━━━━━ EXERCISE MATERIAL ━━━━━

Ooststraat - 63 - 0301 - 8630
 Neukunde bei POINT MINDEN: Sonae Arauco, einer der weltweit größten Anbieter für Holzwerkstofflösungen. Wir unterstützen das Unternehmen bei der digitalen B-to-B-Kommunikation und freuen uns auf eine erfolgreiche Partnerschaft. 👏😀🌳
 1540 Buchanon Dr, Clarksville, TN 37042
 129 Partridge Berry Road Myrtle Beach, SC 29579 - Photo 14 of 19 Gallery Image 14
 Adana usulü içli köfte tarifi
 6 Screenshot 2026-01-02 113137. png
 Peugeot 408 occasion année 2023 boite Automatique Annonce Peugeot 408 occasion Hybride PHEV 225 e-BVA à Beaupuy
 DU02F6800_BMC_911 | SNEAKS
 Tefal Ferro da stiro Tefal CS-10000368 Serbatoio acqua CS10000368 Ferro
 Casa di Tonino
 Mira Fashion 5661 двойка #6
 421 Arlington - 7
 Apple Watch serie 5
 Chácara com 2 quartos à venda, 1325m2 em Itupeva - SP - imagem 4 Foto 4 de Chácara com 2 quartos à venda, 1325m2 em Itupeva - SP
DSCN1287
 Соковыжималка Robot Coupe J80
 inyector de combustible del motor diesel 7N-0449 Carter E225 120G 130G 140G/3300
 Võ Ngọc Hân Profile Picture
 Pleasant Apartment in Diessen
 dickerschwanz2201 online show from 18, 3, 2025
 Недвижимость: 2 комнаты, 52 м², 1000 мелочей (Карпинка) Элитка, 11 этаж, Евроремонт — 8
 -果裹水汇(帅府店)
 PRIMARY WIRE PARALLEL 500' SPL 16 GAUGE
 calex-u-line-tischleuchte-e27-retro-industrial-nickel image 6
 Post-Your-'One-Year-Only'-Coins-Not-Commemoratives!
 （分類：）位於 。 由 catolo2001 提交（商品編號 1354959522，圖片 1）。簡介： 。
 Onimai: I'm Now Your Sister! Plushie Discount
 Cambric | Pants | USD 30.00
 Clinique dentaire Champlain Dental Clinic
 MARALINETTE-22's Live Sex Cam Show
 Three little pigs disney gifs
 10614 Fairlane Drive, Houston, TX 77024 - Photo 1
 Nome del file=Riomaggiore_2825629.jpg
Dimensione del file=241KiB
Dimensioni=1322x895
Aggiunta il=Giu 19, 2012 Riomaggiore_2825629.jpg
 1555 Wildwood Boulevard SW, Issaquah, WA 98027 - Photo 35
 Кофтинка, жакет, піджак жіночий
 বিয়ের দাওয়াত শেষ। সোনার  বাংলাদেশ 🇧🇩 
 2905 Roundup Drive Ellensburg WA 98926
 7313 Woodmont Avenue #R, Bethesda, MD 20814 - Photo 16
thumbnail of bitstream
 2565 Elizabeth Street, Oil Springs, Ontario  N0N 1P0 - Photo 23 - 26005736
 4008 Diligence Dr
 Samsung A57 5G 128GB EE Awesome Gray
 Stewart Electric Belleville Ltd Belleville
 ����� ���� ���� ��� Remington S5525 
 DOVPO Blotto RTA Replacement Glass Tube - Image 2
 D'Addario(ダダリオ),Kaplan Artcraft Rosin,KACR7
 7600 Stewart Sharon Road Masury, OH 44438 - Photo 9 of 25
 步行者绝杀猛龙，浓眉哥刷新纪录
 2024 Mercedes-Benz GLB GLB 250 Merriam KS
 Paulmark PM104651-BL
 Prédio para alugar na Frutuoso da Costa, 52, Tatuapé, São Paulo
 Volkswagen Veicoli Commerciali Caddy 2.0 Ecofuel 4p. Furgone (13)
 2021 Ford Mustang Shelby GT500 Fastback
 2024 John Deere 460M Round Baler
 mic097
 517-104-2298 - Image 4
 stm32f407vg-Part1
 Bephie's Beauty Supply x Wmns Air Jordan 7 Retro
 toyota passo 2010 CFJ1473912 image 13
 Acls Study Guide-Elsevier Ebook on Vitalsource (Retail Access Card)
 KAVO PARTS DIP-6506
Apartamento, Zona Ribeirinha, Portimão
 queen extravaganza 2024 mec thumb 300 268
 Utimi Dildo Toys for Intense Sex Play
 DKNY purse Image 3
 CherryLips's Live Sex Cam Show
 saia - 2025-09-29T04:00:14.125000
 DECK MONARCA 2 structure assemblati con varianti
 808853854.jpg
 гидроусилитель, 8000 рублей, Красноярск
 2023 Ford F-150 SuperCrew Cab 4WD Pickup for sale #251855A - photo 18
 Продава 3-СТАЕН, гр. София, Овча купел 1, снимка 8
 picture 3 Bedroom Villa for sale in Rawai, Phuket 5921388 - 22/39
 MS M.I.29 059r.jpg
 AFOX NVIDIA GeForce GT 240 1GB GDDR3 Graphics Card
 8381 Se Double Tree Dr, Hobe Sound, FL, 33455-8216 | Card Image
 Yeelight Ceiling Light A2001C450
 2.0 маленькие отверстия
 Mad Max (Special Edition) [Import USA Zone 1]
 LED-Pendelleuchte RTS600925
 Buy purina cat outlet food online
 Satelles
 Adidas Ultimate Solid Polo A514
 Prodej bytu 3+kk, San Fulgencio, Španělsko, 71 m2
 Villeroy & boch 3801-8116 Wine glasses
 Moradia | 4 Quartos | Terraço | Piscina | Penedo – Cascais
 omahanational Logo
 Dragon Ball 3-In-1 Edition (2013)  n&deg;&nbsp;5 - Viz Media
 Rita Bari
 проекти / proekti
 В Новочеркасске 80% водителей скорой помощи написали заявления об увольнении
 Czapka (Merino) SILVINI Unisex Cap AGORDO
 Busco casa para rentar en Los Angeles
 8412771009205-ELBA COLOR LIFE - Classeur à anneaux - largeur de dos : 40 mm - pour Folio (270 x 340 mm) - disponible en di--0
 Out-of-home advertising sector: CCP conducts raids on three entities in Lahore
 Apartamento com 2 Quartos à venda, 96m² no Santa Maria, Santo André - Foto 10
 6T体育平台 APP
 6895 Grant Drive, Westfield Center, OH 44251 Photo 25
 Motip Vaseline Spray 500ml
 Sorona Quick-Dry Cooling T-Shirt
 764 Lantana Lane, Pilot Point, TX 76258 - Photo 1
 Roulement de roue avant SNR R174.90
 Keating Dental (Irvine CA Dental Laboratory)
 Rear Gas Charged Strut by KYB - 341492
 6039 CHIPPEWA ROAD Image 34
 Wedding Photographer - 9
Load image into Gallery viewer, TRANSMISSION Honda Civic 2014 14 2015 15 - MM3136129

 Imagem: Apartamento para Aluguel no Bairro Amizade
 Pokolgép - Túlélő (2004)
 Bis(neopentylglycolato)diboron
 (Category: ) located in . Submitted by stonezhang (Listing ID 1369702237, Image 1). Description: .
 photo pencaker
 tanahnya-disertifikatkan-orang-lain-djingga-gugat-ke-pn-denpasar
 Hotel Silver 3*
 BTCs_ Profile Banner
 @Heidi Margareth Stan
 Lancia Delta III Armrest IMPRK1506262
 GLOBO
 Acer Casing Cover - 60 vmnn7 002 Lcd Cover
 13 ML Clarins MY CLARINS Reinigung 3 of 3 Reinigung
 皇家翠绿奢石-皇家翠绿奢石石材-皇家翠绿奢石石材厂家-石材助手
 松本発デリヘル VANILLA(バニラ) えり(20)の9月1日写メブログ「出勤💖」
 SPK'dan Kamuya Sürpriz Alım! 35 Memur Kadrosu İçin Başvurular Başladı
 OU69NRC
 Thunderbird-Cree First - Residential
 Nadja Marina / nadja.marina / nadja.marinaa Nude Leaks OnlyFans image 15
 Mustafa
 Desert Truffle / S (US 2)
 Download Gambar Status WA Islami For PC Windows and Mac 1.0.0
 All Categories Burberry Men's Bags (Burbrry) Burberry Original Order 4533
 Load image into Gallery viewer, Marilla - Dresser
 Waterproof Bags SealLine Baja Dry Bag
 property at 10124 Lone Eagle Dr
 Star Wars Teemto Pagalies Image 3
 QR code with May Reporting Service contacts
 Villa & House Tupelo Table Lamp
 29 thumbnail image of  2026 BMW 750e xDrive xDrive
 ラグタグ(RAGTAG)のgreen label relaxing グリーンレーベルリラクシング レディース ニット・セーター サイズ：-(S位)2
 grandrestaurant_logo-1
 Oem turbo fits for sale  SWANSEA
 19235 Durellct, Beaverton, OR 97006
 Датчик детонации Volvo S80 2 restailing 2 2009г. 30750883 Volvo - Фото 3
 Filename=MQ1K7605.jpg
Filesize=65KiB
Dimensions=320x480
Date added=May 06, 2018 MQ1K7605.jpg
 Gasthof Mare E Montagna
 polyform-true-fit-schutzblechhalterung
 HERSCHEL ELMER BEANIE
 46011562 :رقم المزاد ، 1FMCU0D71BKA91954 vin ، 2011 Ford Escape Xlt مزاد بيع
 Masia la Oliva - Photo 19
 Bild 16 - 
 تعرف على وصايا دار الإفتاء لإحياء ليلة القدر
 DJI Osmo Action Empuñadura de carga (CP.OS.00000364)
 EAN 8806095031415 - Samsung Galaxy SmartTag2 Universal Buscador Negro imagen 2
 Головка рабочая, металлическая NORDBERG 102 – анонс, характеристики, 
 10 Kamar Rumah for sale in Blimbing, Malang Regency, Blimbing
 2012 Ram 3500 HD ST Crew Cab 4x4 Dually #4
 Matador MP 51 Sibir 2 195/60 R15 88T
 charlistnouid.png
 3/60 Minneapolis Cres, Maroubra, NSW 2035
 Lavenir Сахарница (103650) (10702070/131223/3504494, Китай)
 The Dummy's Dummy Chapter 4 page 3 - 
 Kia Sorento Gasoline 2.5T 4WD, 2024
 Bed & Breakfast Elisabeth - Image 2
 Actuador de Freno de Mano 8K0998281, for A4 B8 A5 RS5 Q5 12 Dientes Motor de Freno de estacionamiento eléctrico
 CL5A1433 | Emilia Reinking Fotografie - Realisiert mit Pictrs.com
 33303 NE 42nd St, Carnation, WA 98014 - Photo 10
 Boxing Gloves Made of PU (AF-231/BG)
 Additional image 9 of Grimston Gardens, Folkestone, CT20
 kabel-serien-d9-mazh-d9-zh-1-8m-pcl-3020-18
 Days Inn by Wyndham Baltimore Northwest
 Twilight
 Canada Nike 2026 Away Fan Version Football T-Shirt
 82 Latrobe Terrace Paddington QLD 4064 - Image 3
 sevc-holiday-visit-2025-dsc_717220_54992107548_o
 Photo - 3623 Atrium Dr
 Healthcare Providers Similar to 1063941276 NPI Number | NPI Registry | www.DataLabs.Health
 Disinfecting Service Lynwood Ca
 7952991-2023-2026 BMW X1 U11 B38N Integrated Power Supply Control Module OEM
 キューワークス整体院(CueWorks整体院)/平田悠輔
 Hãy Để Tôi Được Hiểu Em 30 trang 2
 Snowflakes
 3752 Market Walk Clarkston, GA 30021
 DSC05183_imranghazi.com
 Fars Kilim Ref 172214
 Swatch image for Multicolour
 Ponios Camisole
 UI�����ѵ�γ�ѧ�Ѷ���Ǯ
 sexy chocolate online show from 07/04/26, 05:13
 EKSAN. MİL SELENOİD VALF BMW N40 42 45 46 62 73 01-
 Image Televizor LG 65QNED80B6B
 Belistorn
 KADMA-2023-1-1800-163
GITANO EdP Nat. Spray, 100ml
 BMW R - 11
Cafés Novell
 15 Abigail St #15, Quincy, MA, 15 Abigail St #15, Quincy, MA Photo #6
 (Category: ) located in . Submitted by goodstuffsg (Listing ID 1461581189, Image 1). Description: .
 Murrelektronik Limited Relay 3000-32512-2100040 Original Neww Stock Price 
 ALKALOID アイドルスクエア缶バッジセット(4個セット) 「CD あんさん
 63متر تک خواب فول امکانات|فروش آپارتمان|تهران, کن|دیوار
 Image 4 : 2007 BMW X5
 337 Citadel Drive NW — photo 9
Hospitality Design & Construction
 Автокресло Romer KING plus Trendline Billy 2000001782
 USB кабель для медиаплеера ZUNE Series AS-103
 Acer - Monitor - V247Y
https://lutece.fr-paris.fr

━━━━━

WHAT YOU NEED TO DO - Look above for the line with "SP - imagem" and the line with "1555 Wildwood Boulevard", and reproduce exactly those two lines plus every line between, nothing more.

OUTPUT BELOW -
 Chácara com 2 quartos à venda, 1325m2 em Itupeva - SP - imagem 4 Foto 4 de Chácara com 2 quartos à venda, 1325m2 em Itupeva - SP
DSCN1287
 Соковыжималка Robot Coupe J80
 inyector de combustible del motor diesel 7N-0449 Carter E225 120G 130G 140G/3300
 Võ Ngọc Hân Profile Picture
 Pleasant Apartment in Diessen
 dickerschwanz2201 online show from 18, 3, 2025
 Недвижимость: 2 комнаты, 52 м², 1000 мелочей (Карпинка) Элитка, 11 этаж, Евроремонт — 8
 -果裹水汇(帅府店)
 PRIMARY WIRE PARALLEL 500' SPL 16 GAUGE
 calex-u-line-tischleuchte-e27-retro-industrial-nickel image 6
 Post-Your-'One-Year-Only'-Coins-Not-Commemoratives!
 （分類：）位於 。 由 catolo2001 提交（商品編號 1354959522，圖片 1）。簡介： 。
 Onimai: I'm Now Your Sister! Plushie Discount
 Cambric | Pants | USD 30.00
 Clinique dentaire Champlain Dental Clinic
 MARALINETTE-22's Live Sex Cam Show
 Three little pigs disney gifs
 10614 Fairlane Drive, Houston, TX 77024 - Photo 1
 Nome del file=Riomaggiore_2825629.jpg
Dimensione del file=241KiB
Dimensioni=1322x895
Aggiunta il=Giu 19, 2012 Riomaggiore_2825629.jpg
 1555 Wildwood Boulevard SW, Issaquah, WA 98027 - Photo 35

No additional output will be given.